From The Booking Desk:
I am pleased to welcome Sara Blaedel to BOLO Books! One of the most popular novelists in Denmark, Sara’s latest book, The Forgotten Girls, in being released in the US today.
BOLO Books: Tell us a bit about Louise Rick and where she is in her life at the beginning of The Forgotten Girls.
Sara Blaedel: As The Forgotten Girls opens, Louise has just been appointed as technical manager of the Special Search Agency under the Search Department with the National Police. (Each year, 1600-1700 people are reported missing in Denmark. Many turn up on their own, some are found dead of natural causes and some remain missing. According to an assessment by the National Police, there is a crime behind approximately five of the unsolved missing person reports each year. These are the cases that Louise Rick’s department has been charged with unearthing and investigating.)
Louise also gets a new colleague Eik Nordstrom, and we are already in the very beginning getting to feel that it will be relationship with a lot of tension.
BOLO Books: Like the Magdalene Laundries, the conditions within these institutions for Forgotten Children must have come as quite a shock to the Danish people. What made you decide to include that history in your story and what was the most shocking thing you discovered in your research?
Sara Blaedel: Over the years I have looked at topics like prostitution, Internet dating, drug abuse, peer pressure, assisted suicide and much more. In The Forgotten Girls that will be published in the US on the 3rd of February by Grand Central Publishing the story takes place in the historical setting of an all-girls home where unwanted girls were abandoned.

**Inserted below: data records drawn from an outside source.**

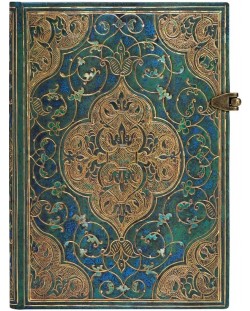 Тефтер Paperblanks Turquoise Chronicles - 13 х 18 cm, 120 листа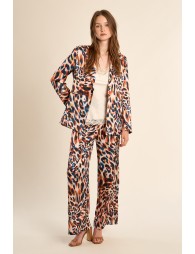 Pantalon droit, imprimé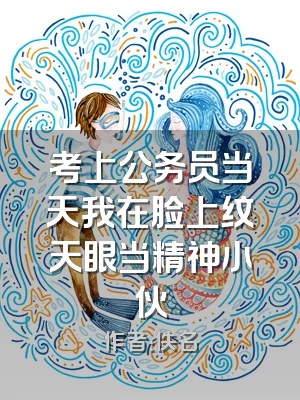 考上公务员当天我在脸上纹天眼当精神小伙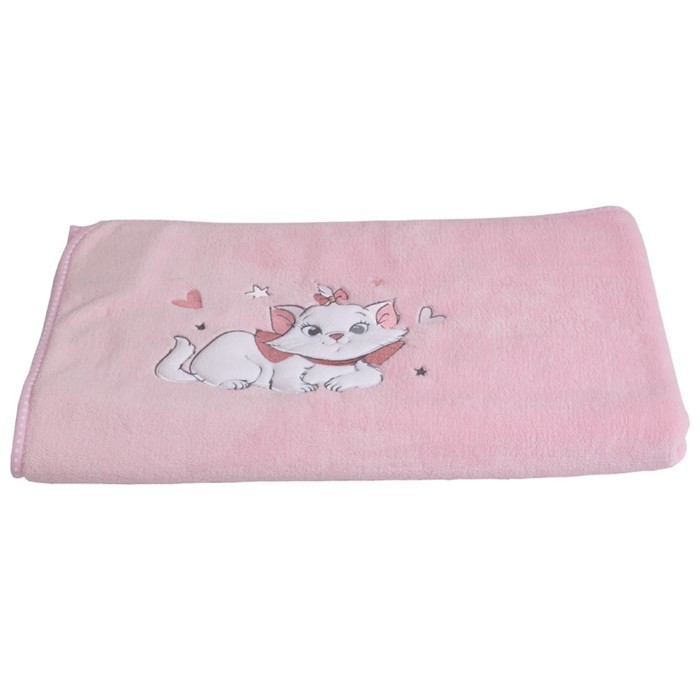 фото Плед детский «кошка мари», цвет розовый polini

50 years ago, it was custom for local authorities to look after children that for one reason or another could not get the care they were entitled to from their own families. When the girls registered at the orphanage, parents were asked to forget that they ever existed. Two of these girls, a pair of twins, appear many years later, many years after everybody thought they were dead. I read about these forgotten children in a Danish newspaper, and the story just would not leave me. It made me really curious.
BOLO Books: For those readers who have not heard you speak before, tell us a bit about the state of crime in Denmark. What crimes are most common?
Sara Blaedel: The most common crime I Denmark are burglary and theft – not very “exotic”, but very characteristic for most countries in the World, I guess. For those of us who write crime fiction, burglary and theft are not the most interesting. If you made statistics on the crime in crime fiction, the picture would be completely different and much more terrifying.
BOLO Books: Louise Rick has had a very distinguished career. Is it common for women to rise to this level of success in her profession? Because law enforcement is such a male dominated field, do women face the same challenges in Denmark they do here in the States?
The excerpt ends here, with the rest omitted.